WHAT IS BEING ASKED:
Transcribe the listing verbatim. Do not carry over any pictures.
*** Opening of RECORDED DATA ***
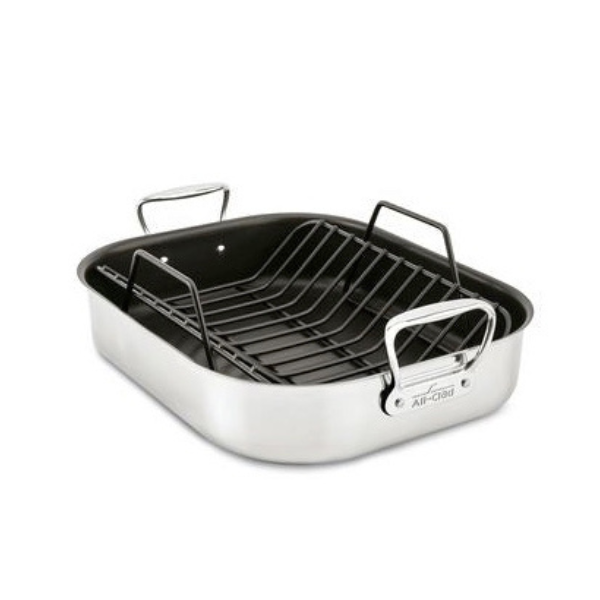 ALL-CLAD Non-Stick Roasting Pan with Rack, 13" x 16" x 3"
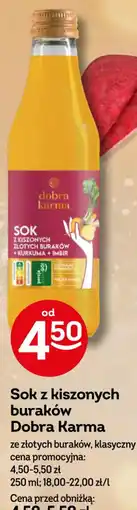 Żabka Sok z kiszonych buraków Dobra Karma oferta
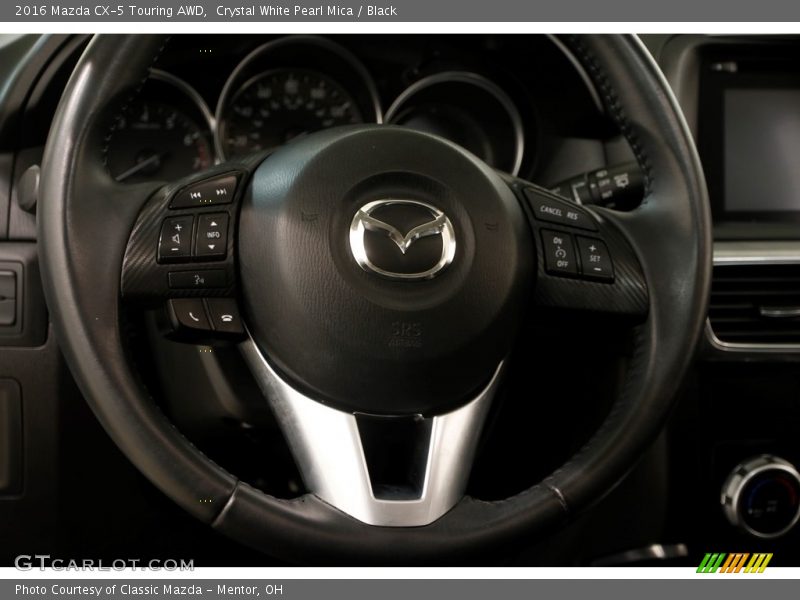 Crystal White Pearl Mica / Black 2016 Mazda CX-5 Touring AWD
*** Close of RECORDED DATA ***
RESPONSE BOX:
 ALL-CLAD Non-Stick Roasting Pan with Rack, 13" x 16" x 3"
 Żabka Sok z kiszonych buraków Dobra Karma oferta
 Crystal White Pearl Mica / Black 2016 Mazda CX-5 Touring AWD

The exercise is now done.